Although global hunger has fallen slightly, child malnutrition in Africa has risen. The education crisis - with more than half of 10-year-olds in low-income countries still unable to read a simple sentence - has hardly improved at all.
We didn't hear much about these development issues in 2025 because the world was overwhelmed by pressing geopolitical and economic events. Russia's war against Ukraine was further driving up food and fertiliser prices. Conflicts in the Middle East and Sudan drove millions of people from their homes. Soaring debt costs in developing countries have made investment in health and education even more difficult.

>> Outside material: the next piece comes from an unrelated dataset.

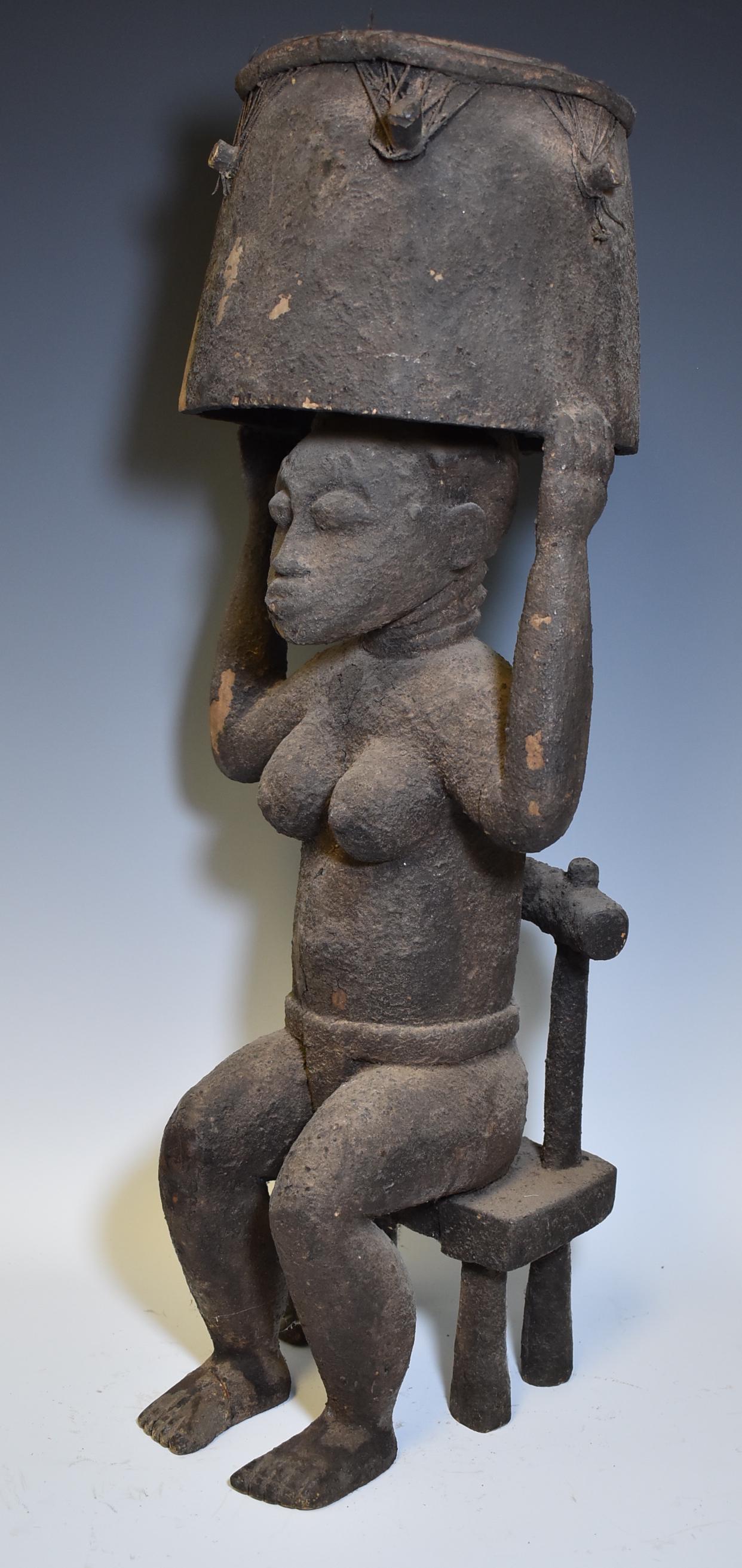 Old Senufo Seated Female: Holds aloft a drum with orginal skin. Heavily encrusted Chicken blood surface. Size 25"H X 7"W (drum)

Rich countries, themselves facing their own geopolitical threats, inflation and budget deficits, have slashed foreign aid budgets. After a decline of nine per cent in 2024, a further decline of between nine and 17 per cent is expected in 2025. Aid to the world's poorest countries could thus fall by up to a quarter. At the same time, major development organisations are diverting more than $85 billion to climate projects that often serve to showcase good intentions rather than address basic development needs, further limiting resources for basic development.
We can't do everything at once
The harsh reality is that 2026 will bring even fewer resources to do good. We must stop pretending that we can afford to do everything at once, as the SDGs still demand. When every dollar is precious, dividing 100 cents among 169 pledges means minimal progress anywhere.
Yet there are hopeful solutions. For years, the Copenhagen Consensus think tank has been working with more than 100 leading economists and several Nobel laureates to find the answer to a simple question: when money is scarce, where can every dollar make the most difference?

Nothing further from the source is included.